Line by line, transcribe the data below exactly and pass over the images.

DATA SEGMENT —

--- START ---

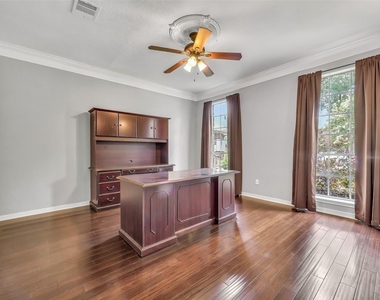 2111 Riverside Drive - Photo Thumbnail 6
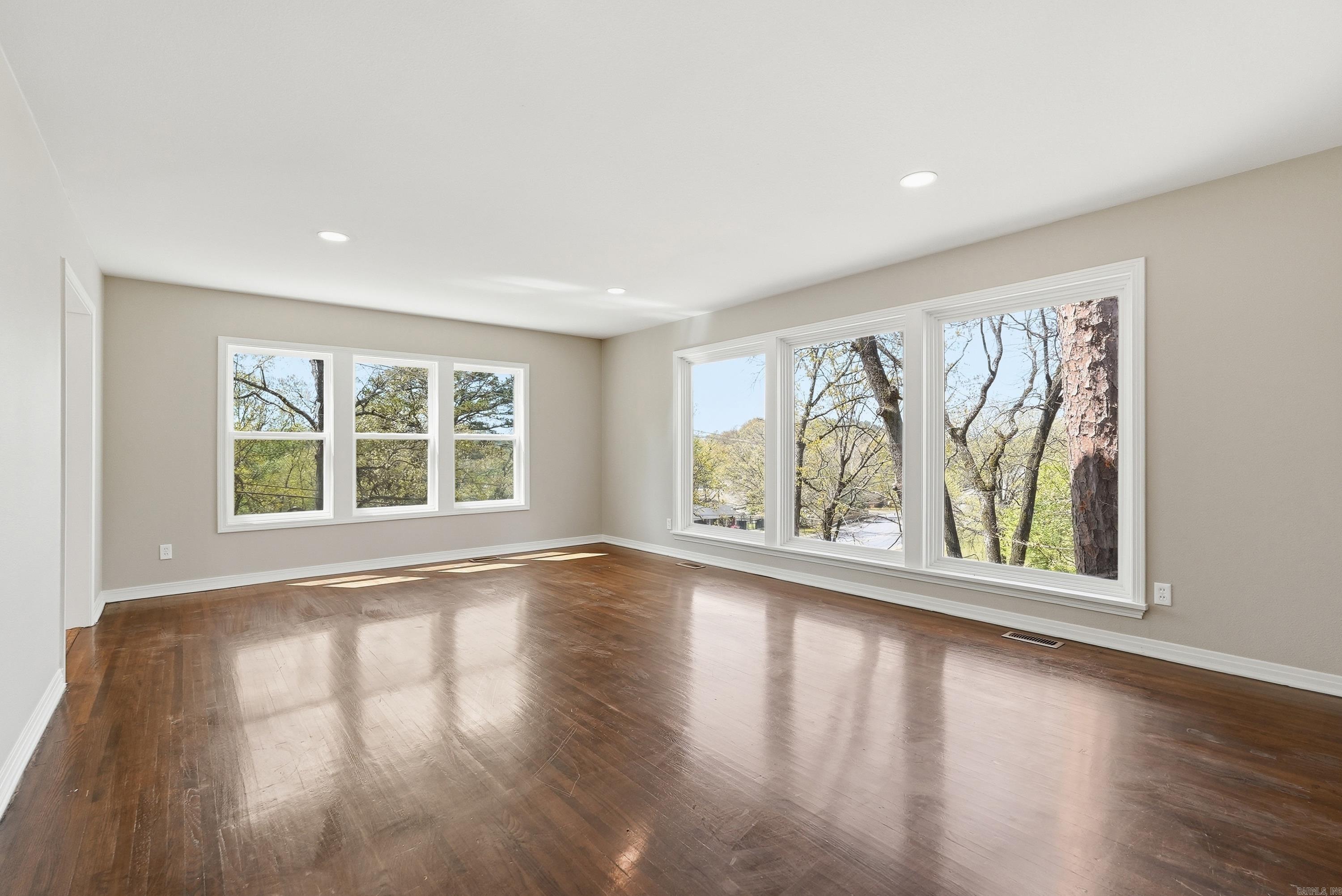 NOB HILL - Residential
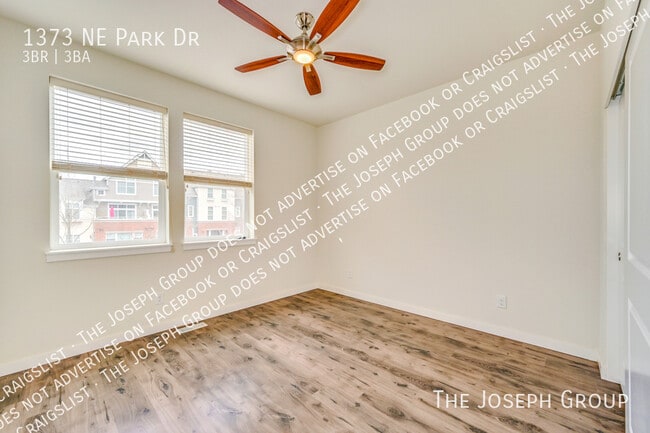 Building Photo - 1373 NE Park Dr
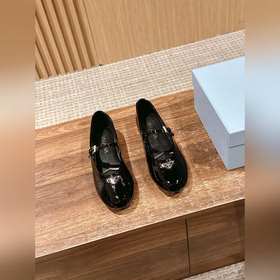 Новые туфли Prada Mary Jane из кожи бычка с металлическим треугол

--- END ---

RESPONSE AREA —
 2111 Riverside Drive - Photo Thumbnail 6
 NOB HILL - Residential
 Building Photo - 1373 NE Park Dr
 Новые туфли Prada Mary Jane из кожи бычка с металлическим треугол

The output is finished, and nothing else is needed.